Eating healthfully is important at any age, but as you get older, your health and nutrition requirements change. Metabolism slows with age, so you also need fewer calories than you did in your twenties.
But finding healthy foods that fit your tastes and lifestyle can be challenging. You may need to consult your healthcare team about what’s right in your case.
The National Council on Aging offers tips for older adults to help you pick the best foods for your body.
1. Know what a healthy plate looks like. Forget the food pyramid. The U.S. Department of Agriculture (USDA) now uses a much simpler visual to help people understand the five food groups (and how much you should have of each) that make up the building blocks of a healthy diet. Visit www.Choosemyplate.gov to see illustrations and detailed information about each food group, including how to divide your plate into quarters for fruits, grains, proteins and vegetables and the best ways to add low-fat or fat-free dairy products to your meals.
2. Look for important nutrients. This task is made easier if you remember that bright, colorful foods typically contain the most nutritional value. A healthy meal includes lean proteins (meat, seafood, eggs, beans); fruits and vegetables (the brighter in color, the better); whole grains (brown rice and whole-wheat pasta are good staples); and low-fat dairy products. It’s important to look for foods that are high in fiber and low in sodium. Older adults also need a lot of vitamin D to aid calcium absorption, which is important for good bone health. This is especially true for women.
Not getting proper nutrition can lead to deficiencies in important vitamins and minerals, such as the B vitamins. B12, B6 and folate (another B vitamin) deficiencies are more common in older adults.

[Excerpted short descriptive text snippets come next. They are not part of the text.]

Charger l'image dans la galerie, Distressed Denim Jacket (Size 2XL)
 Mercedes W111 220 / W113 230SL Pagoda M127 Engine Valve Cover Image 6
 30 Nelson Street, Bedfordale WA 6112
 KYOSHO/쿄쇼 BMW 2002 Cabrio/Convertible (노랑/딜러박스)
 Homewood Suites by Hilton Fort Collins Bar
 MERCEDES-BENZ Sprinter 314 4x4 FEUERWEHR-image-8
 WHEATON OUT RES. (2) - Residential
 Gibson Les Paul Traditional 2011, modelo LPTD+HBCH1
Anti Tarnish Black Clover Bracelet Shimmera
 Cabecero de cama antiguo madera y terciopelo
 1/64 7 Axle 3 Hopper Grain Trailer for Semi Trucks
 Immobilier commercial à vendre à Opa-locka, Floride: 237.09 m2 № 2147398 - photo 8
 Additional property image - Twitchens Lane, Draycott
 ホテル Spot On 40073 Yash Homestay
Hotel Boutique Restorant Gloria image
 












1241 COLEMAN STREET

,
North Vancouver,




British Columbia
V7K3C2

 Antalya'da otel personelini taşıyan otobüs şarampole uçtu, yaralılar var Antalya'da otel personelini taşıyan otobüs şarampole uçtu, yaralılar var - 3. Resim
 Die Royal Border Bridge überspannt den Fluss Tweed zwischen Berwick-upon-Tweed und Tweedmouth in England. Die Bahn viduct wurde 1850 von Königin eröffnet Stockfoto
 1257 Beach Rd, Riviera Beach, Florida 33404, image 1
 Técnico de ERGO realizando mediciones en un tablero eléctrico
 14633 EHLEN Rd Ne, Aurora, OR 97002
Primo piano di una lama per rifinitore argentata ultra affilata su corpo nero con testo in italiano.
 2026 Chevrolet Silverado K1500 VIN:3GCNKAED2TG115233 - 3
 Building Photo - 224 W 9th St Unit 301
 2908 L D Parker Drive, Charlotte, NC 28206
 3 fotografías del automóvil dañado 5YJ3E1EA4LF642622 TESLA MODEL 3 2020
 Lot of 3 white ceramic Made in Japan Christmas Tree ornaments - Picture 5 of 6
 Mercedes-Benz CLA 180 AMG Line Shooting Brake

Taking heartburn medicines or antacids over a long period of time may cause a B12 deficiency. The fact that you might not notice any symptoms at first doesn’t mean the deficiency isn’t doing you harm. A lack of B12 can cause nerve damage and anemia. The good news is that the lack is easy to treat, with either medication or an injection.
B6 deficiency is also common in older adults and, likewise, can affect the nervous system. People who are malnourished or whose bodies have difficulty absorbing nutrients can become deficient in B6.
Folate can also become deficient as a consequence of taking certain medications, or from kidney dialysis, liver disease and other chronic diseases.
3. Read labels. Whole foods are much healthier than processed, packaged foods. But if you do buy packaged foods, be sure to read the labels and steer clear of those high in fat, added sugars or excess sodium.
4. Watch your serving sizes. It’s important to eat the right amount of food for your age and body, as one serving size does not fit all. The National Institute on Aging (NIH-NIA) recommends that people age 50 and older consume 1½ to 2½ cups of fruit; 2 to 3½ cups of vegetables; 5 to 10 ounces of grains; 5 to 7 ounces of protein; 3 cups of fat-free or low-fat milk; 5 to 8 teaspoons of oils; and minimal amounts of solid fats and added sugars per day. For guidance on how many calories to consume each day, use the NIH Body Weight Planner at https://www.supertracker.usda.gov/bwp/index.html.
Because our bodies lose protein from muscles and internal organs as we age, many older adults might need to take in more protein than they became accustomed to when they were younger. People with stress or injuries will need even greater amounts. Protein deficiencies can lead to infections, skin problems, difficult healing and weakness, but some chronic diseases call for restrictions on protein intake, so consult your healthcare team about what’s right for you.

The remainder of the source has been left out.